--- The data ---
————

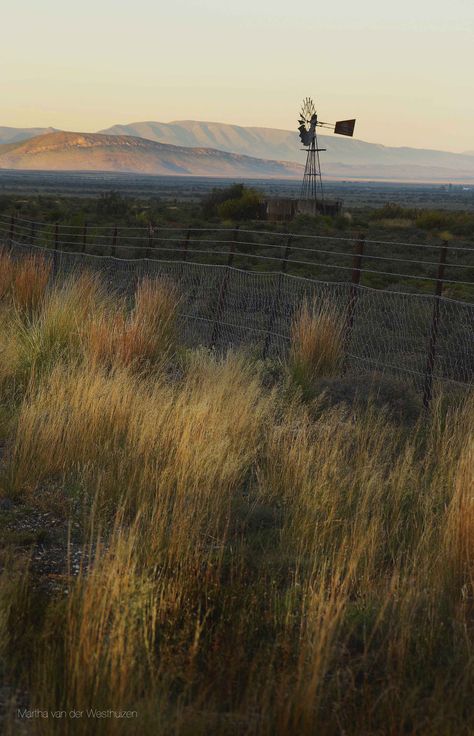 Farm South Africa, Safari Landscape, Windmills Photography, Country Images, Tilting At Windmills, South Africa Photography, Wind Mill, Old Windmills, Western Photography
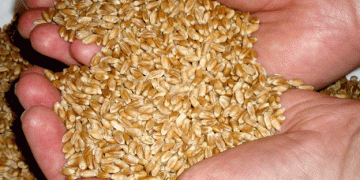 The Rising Global Demand for Krasnoyarsk Grain: Key Export Markets and Regional Trends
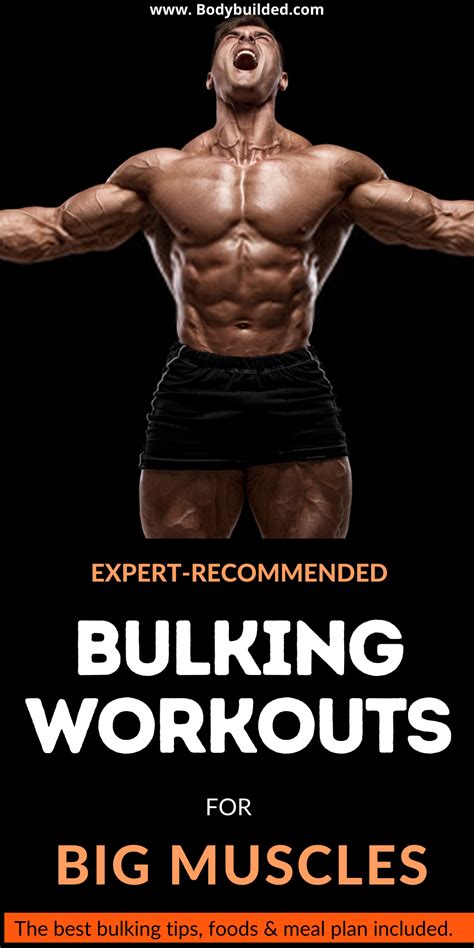 How To Bulk Up Fast At Home The Only Bulking Guide You Need Artofit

————

--- What you are asked to do ---
None of the pictures should be carried over when the data above is transcribed exactly.

--- Task result ---
 Farm South Africa, Safari Landscape, Windmills Photography, Country Images, Tilting At Windmills, South Africa Photography, Wind Mill, Old Windmills, Western Photography
 The Rising Global Demand for Krasnoyarsk Grain: Key Export Markets and Regional Trends
 How To Bulk Up Fast At Home The Only Bulking Guide You Need Artofit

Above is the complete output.